### Exercise directions
Pictures are to be left out, and only the lines from the one containing "This is so true!" through the last line of the data are to be returned exactly.

### Data excerpt
/---
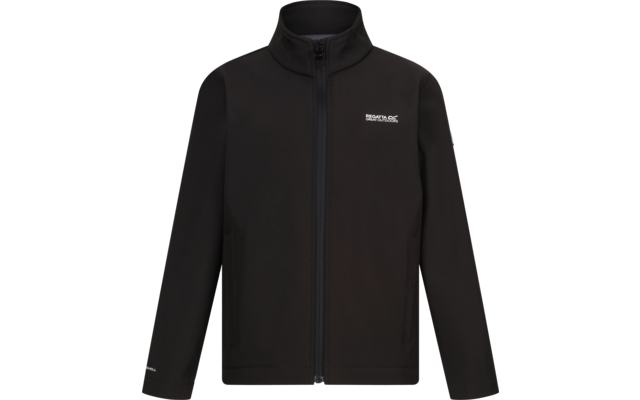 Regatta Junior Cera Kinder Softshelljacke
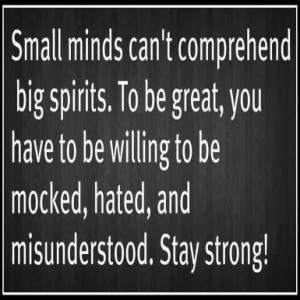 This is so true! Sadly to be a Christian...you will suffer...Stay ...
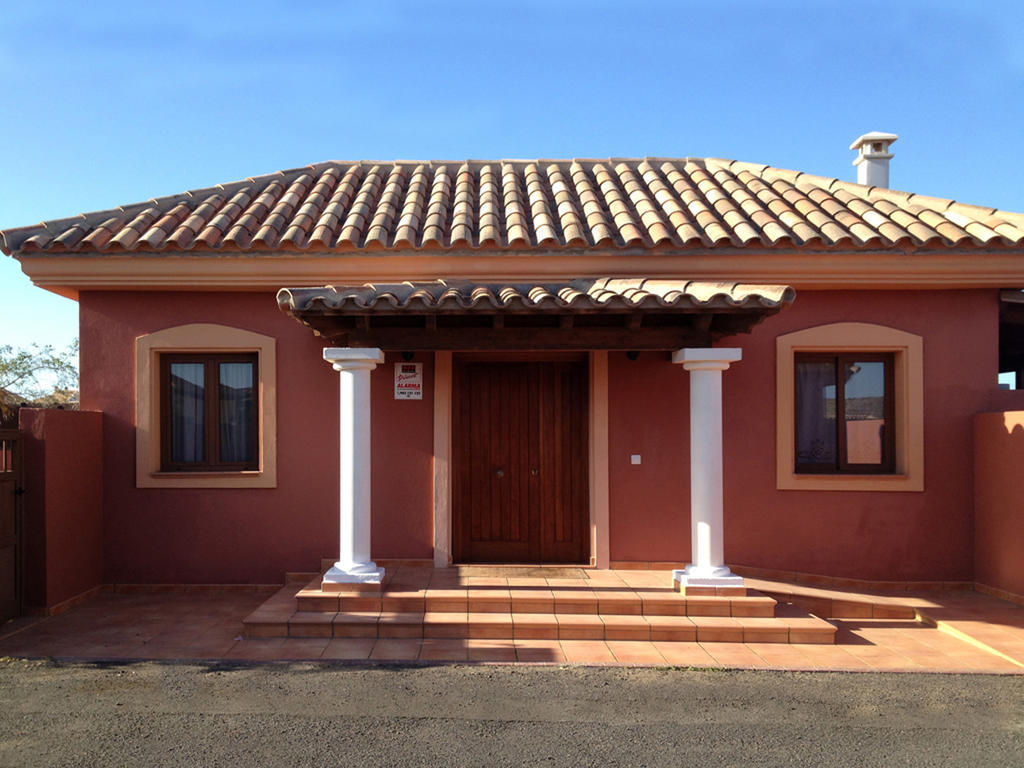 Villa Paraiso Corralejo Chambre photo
\---
### Your solution
 This is so true! Sadly to be a Christian...you will suffer...Stay ...
 Villa Paraiso Corralejo Chambre photo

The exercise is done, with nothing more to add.